# COMP 3610 – A3

- Zidane Timothy, Maia Neptune, Christophe Gittens

In [None]:
import findspark
from pathlib import Path
import os
import tarfile
import pandas as pd
import shutil

import time, matplotlib.pyplot as plt, seaborn as sns, matplotlib.ticker as ticker
import numpy as np


In [None]:
from datasets import load_dataset
from pathlib import Path
import pyarrow as pa
import pyarrow.parquet as pq
from datetime import datetime
import json

## Function for extraction of RAW .tar files, creates .arrow files

In [None]:
def extract_tar_bz2(tar_path, extract_dir):
    if not os.path.exists(tar_path):
        print(f"Error: File {tar_path} does not exist.")
        return
    if not tar_path.endswith(".tar.bz2"):
        print(f"Error: File {tar_path} is not a .tar.bz2 file.")
        return

    try:
        with tarfile.open(tar_path, "r:bz2") as tar:
            print(f"Extracting {tar_path} to {extract_dir}")
            tar.extractall(path=extract_dir)
    except Exception as e:
        print(f"Error during extraction: {e}")

## Preprocess Category: Creates a temp path for management of Disk Storage <br>



In [None]:
import os
import shutil
from datasets import load_dataset
from pathlib import Path
import pyarrow as pa
import pandas as pd

def preprocess_category(review_tar_path, meta_tar_path, output_folder, category, batch_size=1000):
    # Define a temp path inside the output folder, unique per category
    temp_path = os.path.join(output_folder, "temp_extract", category)
    os.makedirs(temp_path, exist_ok=True)
    os.makedirs(output_folder, exist_ok=True)

    print(f"Extracting tar files for {category}...")

    # Extracts tar.bz2
    extract_tar_bz2(review_tar_path, temp_path)
    extract_tar_bz2(meta_tar_path, temp_path)

    arrow_files = list(Path(temp_path).rglob("*.arrow"))
    print(f"Found {len(arrow_files)} Arrow files in {category}")

    batch_num = 0
    total_rows = 0

    for arrow_file in arrow_files:
        try:
            is_meta = "meta" in str(arrow_file).lower()
            folder_name = "meta" if is_meta else "reviews"

            pkl_output_path = os.path.join(output_folder, f"{folder_name}_pkl")
            os.makedirs(pkl_output_path, exist_ok=True)

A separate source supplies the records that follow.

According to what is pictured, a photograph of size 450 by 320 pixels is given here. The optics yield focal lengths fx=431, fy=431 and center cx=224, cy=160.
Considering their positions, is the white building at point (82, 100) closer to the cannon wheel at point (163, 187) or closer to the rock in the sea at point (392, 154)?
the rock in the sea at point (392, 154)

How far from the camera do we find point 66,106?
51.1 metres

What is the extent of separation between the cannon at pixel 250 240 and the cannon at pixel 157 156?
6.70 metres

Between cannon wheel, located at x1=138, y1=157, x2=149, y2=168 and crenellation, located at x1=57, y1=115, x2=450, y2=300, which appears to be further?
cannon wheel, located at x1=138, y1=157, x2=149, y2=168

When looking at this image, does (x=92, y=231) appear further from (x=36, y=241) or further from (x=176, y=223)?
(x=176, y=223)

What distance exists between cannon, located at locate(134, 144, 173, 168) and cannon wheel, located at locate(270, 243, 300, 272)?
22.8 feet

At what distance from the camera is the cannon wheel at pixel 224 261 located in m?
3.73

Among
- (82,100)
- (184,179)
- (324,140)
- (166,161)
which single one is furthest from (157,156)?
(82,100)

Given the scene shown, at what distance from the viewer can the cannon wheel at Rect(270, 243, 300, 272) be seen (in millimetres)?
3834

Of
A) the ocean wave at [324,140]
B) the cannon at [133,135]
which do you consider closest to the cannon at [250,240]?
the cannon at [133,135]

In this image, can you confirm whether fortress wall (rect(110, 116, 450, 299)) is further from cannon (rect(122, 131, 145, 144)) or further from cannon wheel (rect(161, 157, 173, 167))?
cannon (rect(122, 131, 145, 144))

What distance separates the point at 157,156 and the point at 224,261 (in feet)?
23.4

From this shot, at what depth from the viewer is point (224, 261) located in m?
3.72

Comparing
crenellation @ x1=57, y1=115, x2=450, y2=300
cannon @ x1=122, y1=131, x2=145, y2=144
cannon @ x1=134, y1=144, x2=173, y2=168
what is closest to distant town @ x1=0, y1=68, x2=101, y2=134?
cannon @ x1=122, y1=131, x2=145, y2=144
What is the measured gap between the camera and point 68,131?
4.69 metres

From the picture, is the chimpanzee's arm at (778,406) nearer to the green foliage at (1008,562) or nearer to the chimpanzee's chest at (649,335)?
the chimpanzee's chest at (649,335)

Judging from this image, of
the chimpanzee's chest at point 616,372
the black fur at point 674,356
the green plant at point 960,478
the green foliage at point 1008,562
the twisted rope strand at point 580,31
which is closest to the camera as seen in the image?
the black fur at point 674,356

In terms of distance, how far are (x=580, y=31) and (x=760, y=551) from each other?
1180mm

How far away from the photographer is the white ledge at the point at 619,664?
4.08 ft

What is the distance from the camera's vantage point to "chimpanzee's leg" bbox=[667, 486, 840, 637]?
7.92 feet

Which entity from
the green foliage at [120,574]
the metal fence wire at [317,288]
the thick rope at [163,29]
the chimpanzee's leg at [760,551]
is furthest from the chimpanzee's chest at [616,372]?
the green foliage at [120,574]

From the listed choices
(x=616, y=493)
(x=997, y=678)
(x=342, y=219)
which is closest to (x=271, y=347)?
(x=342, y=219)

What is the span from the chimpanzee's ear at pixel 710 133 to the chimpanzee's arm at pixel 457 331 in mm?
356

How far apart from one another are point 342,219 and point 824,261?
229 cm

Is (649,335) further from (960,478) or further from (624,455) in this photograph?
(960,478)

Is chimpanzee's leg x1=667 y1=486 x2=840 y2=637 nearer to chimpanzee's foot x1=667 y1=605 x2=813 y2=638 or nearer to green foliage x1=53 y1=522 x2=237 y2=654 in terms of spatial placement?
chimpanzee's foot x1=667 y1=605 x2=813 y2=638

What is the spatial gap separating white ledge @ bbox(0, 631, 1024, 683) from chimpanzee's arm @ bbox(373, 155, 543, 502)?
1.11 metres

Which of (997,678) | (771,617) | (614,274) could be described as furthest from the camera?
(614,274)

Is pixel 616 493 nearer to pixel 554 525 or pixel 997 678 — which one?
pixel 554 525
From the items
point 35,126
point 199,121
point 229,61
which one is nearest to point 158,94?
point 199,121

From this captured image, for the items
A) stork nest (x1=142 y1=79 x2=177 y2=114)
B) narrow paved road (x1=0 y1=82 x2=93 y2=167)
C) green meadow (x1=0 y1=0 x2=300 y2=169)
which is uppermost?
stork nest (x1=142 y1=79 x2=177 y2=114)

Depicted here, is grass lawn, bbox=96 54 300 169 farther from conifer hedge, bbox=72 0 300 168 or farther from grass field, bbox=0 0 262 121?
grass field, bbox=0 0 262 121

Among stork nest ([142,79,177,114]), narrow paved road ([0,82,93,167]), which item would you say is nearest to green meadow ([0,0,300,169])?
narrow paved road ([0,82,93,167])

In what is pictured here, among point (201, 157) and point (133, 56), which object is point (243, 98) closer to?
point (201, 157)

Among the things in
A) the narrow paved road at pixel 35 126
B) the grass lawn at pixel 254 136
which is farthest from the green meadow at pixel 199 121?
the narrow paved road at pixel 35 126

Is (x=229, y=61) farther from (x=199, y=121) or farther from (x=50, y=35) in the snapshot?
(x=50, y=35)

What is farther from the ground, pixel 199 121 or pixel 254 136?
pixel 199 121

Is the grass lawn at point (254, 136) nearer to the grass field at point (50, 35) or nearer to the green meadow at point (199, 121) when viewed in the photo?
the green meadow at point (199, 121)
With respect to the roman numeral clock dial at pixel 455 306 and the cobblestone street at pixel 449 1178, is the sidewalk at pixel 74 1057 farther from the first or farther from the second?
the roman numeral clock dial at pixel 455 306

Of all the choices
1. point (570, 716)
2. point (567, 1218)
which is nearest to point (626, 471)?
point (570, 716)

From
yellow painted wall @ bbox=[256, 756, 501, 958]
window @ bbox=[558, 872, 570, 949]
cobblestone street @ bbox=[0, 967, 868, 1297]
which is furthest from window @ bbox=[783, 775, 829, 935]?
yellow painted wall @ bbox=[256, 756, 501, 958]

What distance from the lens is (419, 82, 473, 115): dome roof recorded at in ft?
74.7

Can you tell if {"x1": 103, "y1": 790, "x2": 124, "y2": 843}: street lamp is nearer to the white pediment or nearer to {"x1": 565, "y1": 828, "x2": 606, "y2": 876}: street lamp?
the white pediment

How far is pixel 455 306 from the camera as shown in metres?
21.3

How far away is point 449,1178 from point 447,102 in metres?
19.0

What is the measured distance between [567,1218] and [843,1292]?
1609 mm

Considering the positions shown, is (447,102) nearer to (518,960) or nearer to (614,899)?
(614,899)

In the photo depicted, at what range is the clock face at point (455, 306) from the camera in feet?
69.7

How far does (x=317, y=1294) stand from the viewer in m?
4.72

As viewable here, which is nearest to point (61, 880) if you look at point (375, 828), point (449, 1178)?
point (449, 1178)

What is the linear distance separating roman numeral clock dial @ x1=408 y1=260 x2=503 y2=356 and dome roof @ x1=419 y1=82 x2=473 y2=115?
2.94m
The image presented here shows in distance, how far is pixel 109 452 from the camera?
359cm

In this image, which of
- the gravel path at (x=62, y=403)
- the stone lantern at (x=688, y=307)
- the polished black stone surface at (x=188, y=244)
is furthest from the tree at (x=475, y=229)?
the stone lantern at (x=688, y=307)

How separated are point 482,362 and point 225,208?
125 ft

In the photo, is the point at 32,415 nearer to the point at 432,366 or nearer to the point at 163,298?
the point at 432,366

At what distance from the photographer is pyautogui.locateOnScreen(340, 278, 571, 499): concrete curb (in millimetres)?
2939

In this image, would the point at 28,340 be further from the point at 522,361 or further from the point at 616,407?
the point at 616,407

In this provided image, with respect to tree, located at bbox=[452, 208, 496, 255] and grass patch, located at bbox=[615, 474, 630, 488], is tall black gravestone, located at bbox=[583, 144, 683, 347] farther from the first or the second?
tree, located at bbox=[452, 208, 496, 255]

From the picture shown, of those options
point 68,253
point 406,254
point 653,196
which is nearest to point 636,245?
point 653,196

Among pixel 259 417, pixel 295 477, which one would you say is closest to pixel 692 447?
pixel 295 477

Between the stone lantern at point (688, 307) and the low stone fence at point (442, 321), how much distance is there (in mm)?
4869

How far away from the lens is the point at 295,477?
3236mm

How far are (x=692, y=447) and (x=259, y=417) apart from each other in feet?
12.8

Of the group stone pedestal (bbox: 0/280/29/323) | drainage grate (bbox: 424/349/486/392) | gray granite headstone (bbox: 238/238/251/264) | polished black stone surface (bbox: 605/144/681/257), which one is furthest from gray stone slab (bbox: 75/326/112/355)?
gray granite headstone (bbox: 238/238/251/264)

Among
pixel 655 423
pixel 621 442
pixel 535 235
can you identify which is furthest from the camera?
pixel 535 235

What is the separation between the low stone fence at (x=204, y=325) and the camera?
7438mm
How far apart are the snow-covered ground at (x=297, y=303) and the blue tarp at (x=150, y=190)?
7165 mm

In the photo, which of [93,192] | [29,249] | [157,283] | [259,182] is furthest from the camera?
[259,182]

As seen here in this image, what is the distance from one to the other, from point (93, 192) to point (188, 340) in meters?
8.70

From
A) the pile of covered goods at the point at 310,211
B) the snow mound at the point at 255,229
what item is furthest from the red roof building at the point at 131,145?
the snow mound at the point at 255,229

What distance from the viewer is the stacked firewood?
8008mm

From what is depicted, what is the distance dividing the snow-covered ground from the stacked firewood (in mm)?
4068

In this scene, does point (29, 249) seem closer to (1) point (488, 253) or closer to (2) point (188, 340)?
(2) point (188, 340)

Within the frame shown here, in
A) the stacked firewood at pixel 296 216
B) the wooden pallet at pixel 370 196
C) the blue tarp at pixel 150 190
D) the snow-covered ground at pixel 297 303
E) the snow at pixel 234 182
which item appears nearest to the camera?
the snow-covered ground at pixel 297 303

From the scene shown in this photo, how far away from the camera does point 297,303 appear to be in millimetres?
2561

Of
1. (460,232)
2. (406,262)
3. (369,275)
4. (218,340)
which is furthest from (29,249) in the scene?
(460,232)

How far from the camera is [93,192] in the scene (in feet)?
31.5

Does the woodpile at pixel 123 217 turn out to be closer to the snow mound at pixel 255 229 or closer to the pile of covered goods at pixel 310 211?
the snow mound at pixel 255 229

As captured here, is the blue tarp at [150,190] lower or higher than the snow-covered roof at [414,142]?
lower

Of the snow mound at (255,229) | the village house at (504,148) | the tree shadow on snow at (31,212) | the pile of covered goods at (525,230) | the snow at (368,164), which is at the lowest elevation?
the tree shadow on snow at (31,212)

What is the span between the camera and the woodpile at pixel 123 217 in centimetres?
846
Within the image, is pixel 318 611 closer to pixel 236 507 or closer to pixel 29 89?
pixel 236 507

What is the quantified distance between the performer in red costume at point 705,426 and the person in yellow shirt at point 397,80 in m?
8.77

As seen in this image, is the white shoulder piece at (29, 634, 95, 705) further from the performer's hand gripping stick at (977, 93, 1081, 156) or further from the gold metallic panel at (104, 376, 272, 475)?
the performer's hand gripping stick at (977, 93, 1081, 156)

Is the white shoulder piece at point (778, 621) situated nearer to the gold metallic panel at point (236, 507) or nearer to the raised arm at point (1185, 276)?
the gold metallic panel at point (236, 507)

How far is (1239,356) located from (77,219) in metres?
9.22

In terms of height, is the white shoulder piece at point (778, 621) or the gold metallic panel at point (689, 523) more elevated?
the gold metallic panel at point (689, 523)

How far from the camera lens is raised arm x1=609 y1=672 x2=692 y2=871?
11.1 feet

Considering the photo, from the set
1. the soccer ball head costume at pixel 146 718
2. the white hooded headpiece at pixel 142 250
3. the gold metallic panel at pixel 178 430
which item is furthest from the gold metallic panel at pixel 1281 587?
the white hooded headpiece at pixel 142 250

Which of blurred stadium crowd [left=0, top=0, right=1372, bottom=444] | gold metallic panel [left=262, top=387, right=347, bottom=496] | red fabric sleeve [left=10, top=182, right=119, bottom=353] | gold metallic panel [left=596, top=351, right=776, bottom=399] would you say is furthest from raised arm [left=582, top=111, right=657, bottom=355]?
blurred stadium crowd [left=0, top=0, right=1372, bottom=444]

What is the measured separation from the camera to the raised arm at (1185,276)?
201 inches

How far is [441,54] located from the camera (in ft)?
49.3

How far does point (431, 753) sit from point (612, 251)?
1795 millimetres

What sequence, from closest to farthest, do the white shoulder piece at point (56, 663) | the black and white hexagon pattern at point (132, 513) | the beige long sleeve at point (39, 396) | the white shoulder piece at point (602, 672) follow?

            dataset = load_dataset("arrow", data_files=str(arrow_file), split="train", streaming=True)

            batch = []
            seen_keys = set()
         

            for i, row in enumerate(dataset):
                if not row:
                    continue

                if not is_meta:
                    key = (row.get("user_id"), row.get("asin"), row.get("text"))
                    if key in seen_keys:
                        continue
                    seen_keys.add(key)

                batch.append(row)

                if len(batch) >= batch_size:
                    df = pd.DataFrame(batch)
                    df.to_pickle(os.path.join(pkl_output_path, f"{category}_batch_{batch_num}.pkl"))
                    print(f"Saved batch {batch_num} ({len(batch)} rows)")
                    batch = []
                    batch_num += 1
                    total_rows += 1

            # Final batch
            if batch:
                df = pd.DataFrame(batch)
                df.to_pickle(os.path.join(pkl_output_path, f"{category}_batch_{batch_num}.pkl"))
                print(f"Saved final batch {batch_num} ({len(batch)} rows)")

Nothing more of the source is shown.